Club Moss

Club Moss

Latin Name: lycopodium selago, clavatum, muscus terrestris repens
Alternative Name: selago, foxtail, lycopod, vegetable sulpher, wolf claw, stag’s horn moss, ground pine
Forms Available: Above-ground portions of the herb, spores

Club Moss – lycopodium selago or clavatum – Also called Selago, Foxtail, Lycopod, Vegetable Sulphur, Wolf Claw or Stag’s Horn Moss. This toxic, evergreen, mosslike herb has trailing stems, upright branches and developing cones encasing the ripe spores. The spores were once used for gastric and urinary disorders, as an antispasmodic sedative and to coat pills. Blackfoot Indians knew of the spores’ blood-stanching, wound-healing and moisture-absorbing properties and inhaled them for nosebleeds and dusted them on cuts. They are still used on wounds and eczema. The spores are explosive when set alight, and used to create theatrical lightening and added to fireworks. Magicians once used them to create “lightening flashes” and other pyrotechnics as needed. These effects were originally intended as a form of sympathetic magic -of evocation by emulation – not simply as stage effects.
The club mosses are found in North America, northern Europe, Asia, and the southern hemisphere. The plants are several inches in height and resemble moss. They creep by means of prostrate stems, which branch upward at intervals, with crowded, linear, simple leaves. Large two valved spore cases product the medicinally active spores.
While the whole plant was used by the ancients as a cathartic, the spores were used as a diuretic in edema, a drastic -a forceful agent of cure- in diarrhea and dysentery, a nervine for rabies and spasms, a mild laxative in cases of gout and scurvy, and a corroborant -strengthening agent- for rheumatism.

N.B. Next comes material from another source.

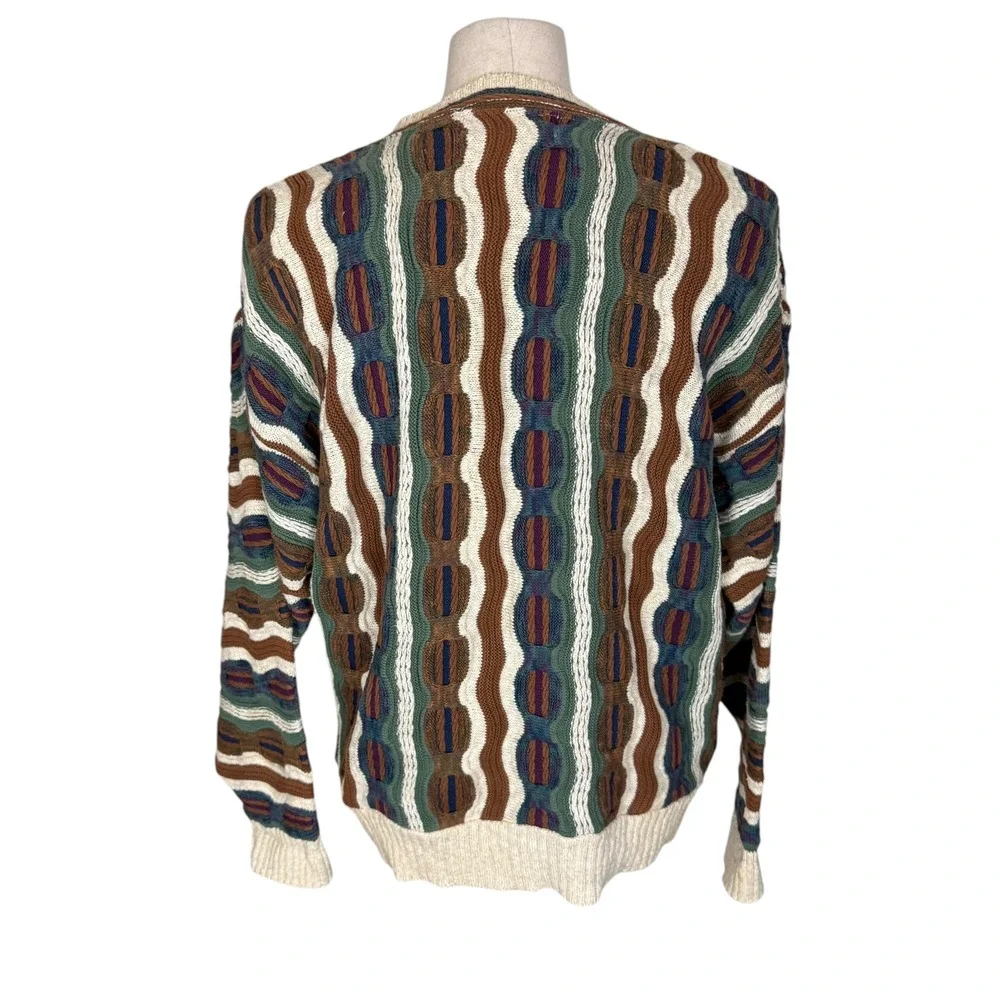 Crossings Vintage 90s 3D Textured Knit Sweater Large Brown Green Made in USA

The dose is ten to sixty grains of the spores.
The spores also make a dusting powder for skin diseases and diaper rash.
CAUTION: Selago can be an active narcotic poison when overused. For this reason it is probably better to use only the spores, which are non-toxic. The whole plant can be used externally, however, as a counter-irritant – made into a poultice, it will keep blisters open and kill lice.

Aromatherapy & Health Uses: A diuretic. Eases gout, gastritis. Antispasmodic, calms spasms and diarrhea.

Other Uses: When properly gathered, the herb becomes a charm of power and protection. Wear it, add it to incense, and use it to commune with the Gods and Goddesses.